Another possibility is allowing gay couples to have a child with genetic input from them both - Japanese scientists have already achieved this in mice, Greely said, using eggs created from a male mouse (they were yet to create a successful sperm from a female mouse, he said, but were working on it).
"And if you really want to to rock your Friday morning, let's say that we take a skin cell from you and we turn it into sperm and we take a skin cell from you and we turn it into eggs, and we fertilise your eggs with your sperm and we put it in your body and you give birth to, what?
"I call it a 'una baby'. It's not a clone exactly, but it is a baby with one parent - you. Would anybody want to do that? I can't see a good reason to do that, but there are 8 billion people on this earth and some of them are crazy."
The biggest roadblock to research at present was safety, Greely said.
"We often don't think of safety as an ethical issue, but it is the overwhelming ethical issue. And here it's not safety to the man or woman whose skin cell is being turned into an egg or a sperm - it's safety for the baby that you're making.
"So I think at any moment anytime in the next two days or two years or 10 years, someone is going to announce that they've made a mature human egg or a mature human sperm from skin cells. That will be the start of what I think has to be about a decade-long effort to see whether that's safe enough to try to make babies from.
"The hard, long slog is going to be figuring out whether it's safe enough to be ethical to use."
A curious ethical dilemma society might face one day is harvesting sperm or egg cells from the unwilling - for example, celebrities.

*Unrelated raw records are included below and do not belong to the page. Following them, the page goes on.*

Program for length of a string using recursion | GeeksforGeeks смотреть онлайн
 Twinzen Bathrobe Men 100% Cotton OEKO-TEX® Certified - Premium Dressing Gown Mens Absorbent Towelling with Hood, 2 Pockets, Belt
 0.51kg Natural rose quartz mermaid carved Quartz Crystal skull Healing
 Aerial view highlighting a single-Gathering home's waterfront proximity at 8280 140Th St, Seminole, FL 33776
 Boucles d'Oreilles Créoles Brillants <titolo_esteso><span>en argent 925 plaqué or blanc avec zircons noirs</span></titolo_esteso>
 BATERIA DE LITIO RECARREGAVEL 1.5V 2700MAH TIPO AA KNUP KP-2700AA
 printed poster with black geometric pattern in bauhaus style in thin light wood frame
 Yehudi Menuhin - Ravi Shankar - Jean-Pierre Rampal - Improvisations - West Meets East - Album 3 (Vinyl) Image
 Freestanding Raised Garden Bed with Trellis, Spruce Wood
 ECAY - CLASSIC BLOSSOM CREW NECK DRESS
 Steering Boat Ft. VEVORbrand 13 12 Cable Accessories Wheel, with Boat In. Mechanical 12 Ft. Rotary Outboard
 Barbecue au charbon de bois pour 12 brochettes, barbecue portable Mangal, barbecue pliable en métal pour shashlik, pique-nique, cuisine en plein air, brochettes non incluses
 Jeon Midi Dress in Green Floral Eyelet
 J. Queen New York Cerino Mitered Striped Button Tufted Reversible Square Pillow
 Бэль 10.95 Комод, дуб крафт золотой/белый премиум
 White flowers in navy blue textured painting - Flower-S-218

"In theory, somebody could try to steal sperm or eggs, but it's really hard to steal eggs and, you know, pretty hard to steal sperm too. But… you can get living cells out of hair. You'd be better off with spit or a Kleenex, you know - you blew your nose, they're gonna be living human cells in that; you drank out of a bottle, there are going to be some living cells from your mouth or your cheek that are on that bottle when you throw it away.
"Stealing somebody's cells is not going to be that hard."
While his book's title included the phrase 'the end of sex', Greely admitted that was unlikely to come to pass.
"People will still have sex - they just won't have sex to make their babies."
As for whether this meant humans would evolve to not even desire sex, he was not so sure.
"I and probably you both have a vermiform appendix which as far as we could tell only serves to kill off about one person in 1000 by causing appendicitis. Evolution is not very streamlined. I think people, most people, like sex enough that I think it will stay around."